NÜFUSUN YÜZDE 25’İ 65 YAŞ VE ÜZERİNDE

Japonya’da yaşlılığın çok ciddi bir sorun haline geldiğini belirten Yuji Horioka, “Japonya’da mevcut durum itibariyle nüfusun yüzde 25’i 65 yaş ve üzerinde. Bu durum emeklilik sistemi üzerine yükler bindiriyor. Japon hükümeti buna çare olarak 2000 yılında uzun süreli bir yaşlı bakımı programı geliştirdi. Bu program, çocukların anne ve babalarına bakma şeklindeki yüklerini azaltmayı amaçlıyordu. Fakat bu sistemin yetersiz olduğu anlaşılıyor. Japonya’da bu konuda hala yapılacak şeyler var” dedi.

“TÜRKİYE’DEKİ İNSANLAR ACIYA ANLAM YÜKLÜYOR”

Almanya, Türkiye ve Japonya’daki toplam 6 araştırmacıyla beraber yürüttükleri çalışma hakkında bilgi veren Doç. Dr. K. Ali Akkemik ise “Burada Almanya’daki Türkler, Almanlar ve Türkiye’deki Türklerin hayırseverlik, bağış verme ve diğerkamlık gibi ekonomik ve iktisadi davranışlarını ölçtük ve dünya görüşünün bunu nasıl etkilediğini inceledik. Araştırmanın sonucunda Türkiye’deki Türkler ve Almanya’daki Türkleri karşılaştırdığımızda, Almanya’daki Türklerin Almanya’nın değerlerini daha fazla benimsediğini ve onlara daha yakın bir diğerkamlık davranışı sergilediklerini gördük.
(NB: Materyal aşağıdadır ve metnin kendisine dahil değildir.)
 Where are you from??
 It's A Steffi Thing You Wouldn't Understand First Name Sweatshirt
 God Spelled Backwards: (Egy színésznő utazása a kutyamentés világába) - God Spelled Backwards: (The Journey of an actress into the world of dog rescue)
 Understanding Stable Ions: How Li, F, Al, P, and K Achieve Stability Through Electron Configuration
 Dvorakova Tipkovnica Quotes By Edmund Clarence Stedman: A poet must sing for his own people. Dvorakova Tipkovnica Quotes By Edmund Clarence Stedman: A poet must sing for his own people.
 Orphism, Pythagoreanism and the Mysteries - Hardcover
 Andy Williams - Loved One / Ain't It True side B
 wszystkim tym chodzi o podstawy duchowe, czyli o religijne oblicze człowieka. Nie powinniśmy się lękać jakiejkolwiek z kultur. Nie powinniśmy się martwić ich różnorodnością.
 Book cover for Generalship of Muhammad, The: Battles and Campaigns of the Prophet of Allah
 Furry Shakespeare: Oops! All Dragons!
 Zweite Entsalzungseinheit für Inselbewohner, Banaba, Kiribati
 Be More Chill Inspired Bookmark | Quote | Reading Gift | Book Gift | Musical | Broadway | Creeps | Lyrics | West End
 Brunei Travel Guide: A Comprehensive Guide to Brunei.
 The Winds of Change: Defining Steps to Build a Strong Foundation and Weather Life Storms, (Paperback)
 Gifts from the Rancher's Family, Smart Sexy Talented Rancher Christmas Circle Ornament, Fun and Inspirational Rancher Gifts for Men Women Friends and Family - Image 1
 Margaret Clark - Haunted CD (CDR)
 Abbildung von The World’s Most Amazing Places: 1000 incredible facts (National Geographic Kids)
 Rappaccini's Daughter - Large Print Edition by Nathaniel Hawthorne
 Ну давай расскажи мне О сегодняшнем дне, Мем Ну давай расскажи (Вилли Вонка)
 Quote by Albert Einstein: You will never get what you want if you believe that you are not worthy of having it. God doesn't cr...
Ardından Türkiye’deki bu davranışı açıklayan temel belirleyici nedenin acıya anlam yüklemek olduğunu bulduk. Yani Türkiye’de insanlar acının kişisel gelişim için önemli olduğunu düşünüyorlar. Bu da onların hayırseverlik davranışına önemli ölçüde etkide bulunan bir dünya görüşü olarak göze çarpıyor” dedi.

“TÜRKİYE’DE DİNDARLIK ARTTIKÇA BAĞIŞ YAPMA OLASILIĞI DÜŞÜYOR”

Bir başka çalışmada ise Almanya’da ve Türkiye’de iktisadi deneyler yaptıklarını belirten Ali Akkemik, “İki ülkede de insanlara gerçek para vererek bağış yapabilmelerini sağladık. İsterlerse bağış yapamıyorlardı ama isterlerse tümünü bağışlayabiliyorlardı. Orada da çok ilginç bir sonuç bulduk. Almanlarla yaptığımız deneyde Almanya’da dindarlık arttıkça daha fazla bağış yapıldığını, Türkiye’de ise tam tersi olduğunu gördük. Türkiye’de dindarlık arttıkça bağış yapma olasılığı düşüyor” diye konuştu.